Never forget
Never forget
As I’m writing this the United States recently observed the 7th anniversary of the terrorist attacks on Sept. 11, 2001. As you read this you will be preparing for the 2,008th anniversary of the birth of Jesus Christ. An event earlier this year built an interesting bridge between the two.
The event was the christening of a new Navy warship named the USS New York. Its name already marks this ship as unusual since Navy policy reserves state names only for nuclear submarines. An exception had to be made to name this amphibious assault vessel after the state in which the World Trade Center once stood. Even more unusual is the fact that 24 tons of steel used in this 25,000-ton vessel came from the twisted steel salvaged from Ground Zero. This steel was melted down in a foundry in Louisiana. More than seven tons of that steel was cast into the bow stem of the new ship. Even in the wake of the destruction of Hurricane Katrina in 2005, the building of this ship continued. Workers, then dealing with the loss of their own homes and lives, returned to work—out of loyalty to those who had made the sacrifice on 9/11. The ship’s motto is “Strength Forged Through Sacrifice. Never Forget.”
One article about this ship had the subtitle, “Out of the Rubble” (Reader’s Digest, Sept. 2008, p. 30). That subtitle brought Isaiah’s words to mind: “A shoot will come up from the stump of Jesse; from his roots a Branch will bear fruit” (Isaiah 11:1).

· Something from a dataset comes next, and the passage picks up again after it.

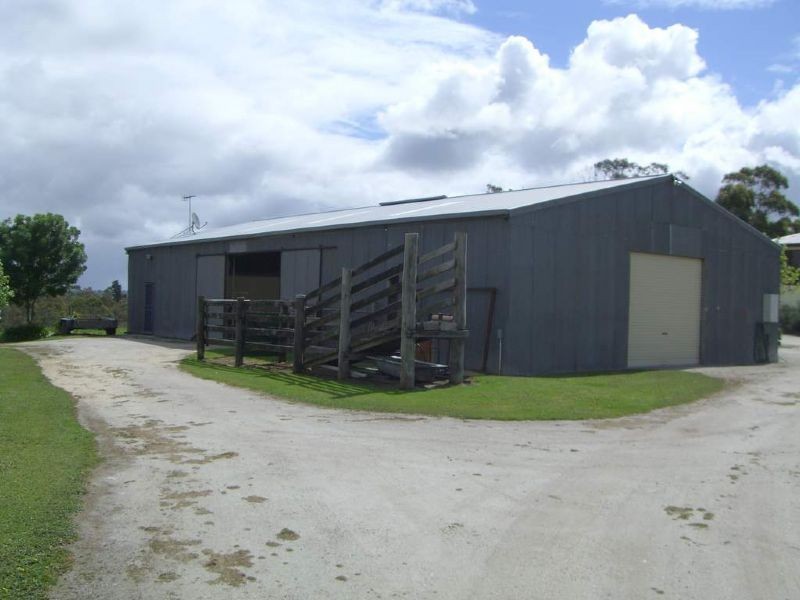 42-52 Geale Street, Meeniyan VIC 3956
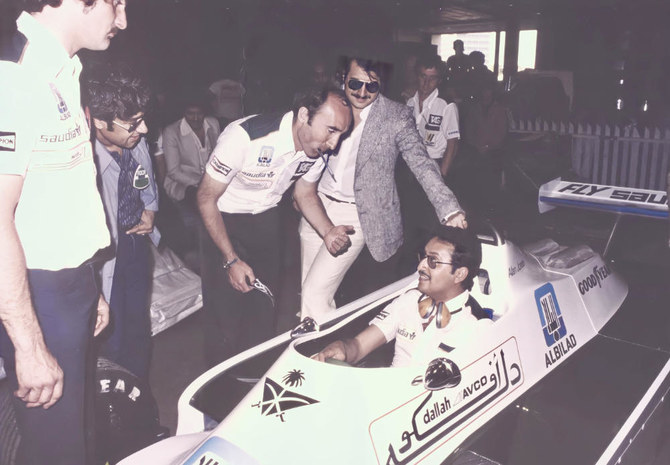 1980年代初頭にサウジアラビアがスポンサーを務めた有名なウィリアムズのF1レースカーの現代版とポーズをとるスルタン・ビン・サルマン王子（提供）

Isaiah pictures the once great nation of God’s people as a towering tree. There never was a nation like this nation, a nation which God loved dearly and dealt with graciously. But the people forgot. They forgot the God who blessed them. They forgot to read his Word. They forgot to give him thanks and honor. They forgot to follow his commands. Then one day came the tree’s 9/11. Like the Twin Towers, it toppled with a horrific crash. At ground zero was a stump, that’s all. Nothing left. Only rubble. The people of God were not his people any more—only a twisted mass of humanity with no hope and no peace.
Isaiah predicted a shoot. Just as the USS New York had something from the rubble of the Twin Towers, so this shoot had something of the toppled tree in him. He had humanity. In the divine plan this humanity was forged into the Godhead in a way that no one can comprehend. The result was something new—the God-man, Jesus Christ.